Dae watched the Windsmer town guards leave and through a vast effort of will managed to avoid fainting into her drink. The stuff was terrible but spilling it would still have been a crime against nature.
“What did you just do?” Mayleena asked. She hadn’t reached forward to offer Dae any support but she was looking at Dae with the sort of cocked twist to her head that spoke of puzzlement and curiosity among most of the Mindful Races and many of the Blessed Realms animal species as well.
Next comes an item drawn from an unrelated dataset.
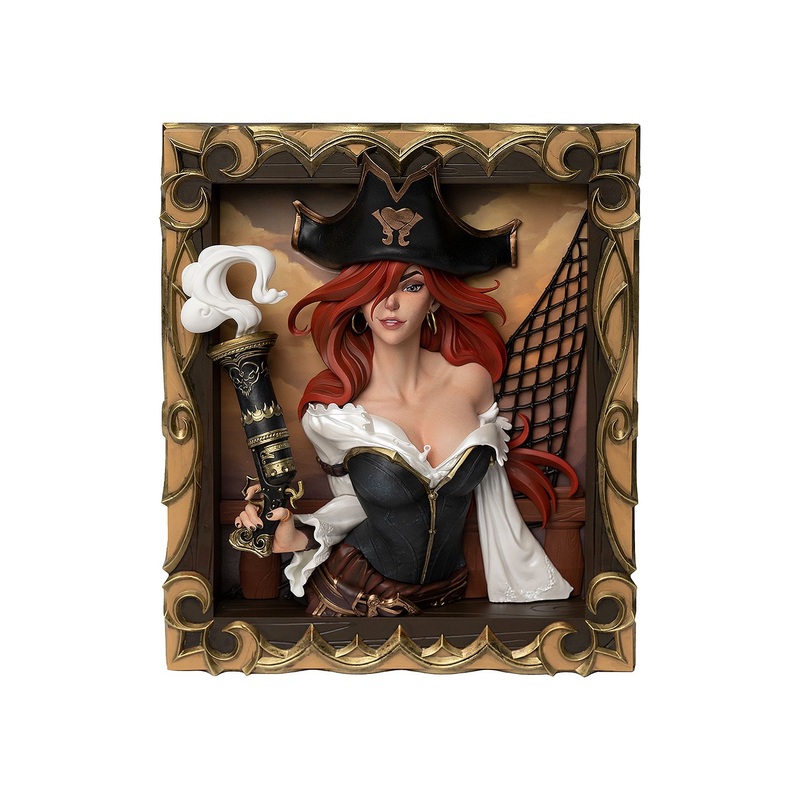Infinity Studio – League of Legends The Bounty Hunter- Miss Fortune 3D Frame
“Took a page from your book,” Dae said, fighting off a wave of vertigo that threatened to send her plummeting to the floor.
“We have never done whatever it was you just did,” Mayleena said, pulling back and tipping her head in the other direction.
“Let’s say you inspired me then,” Dae said. She pushed herself up to a position that disguised how close she was to collapsing and forced herself to breathe slowly and evenly. The patrons of the bar had more important matters to consider than one hooded woman who wasn’t an obvious threat, and so as far as Dae could see none of them were paying any attention to her or Mayleena. The city guard and the dragon that was nearby held the entirety of their interest.
“We do not know if we wish to inspire that kind of behavior,” Mayleena said. “It seemed unpleasant for you and for your prey.”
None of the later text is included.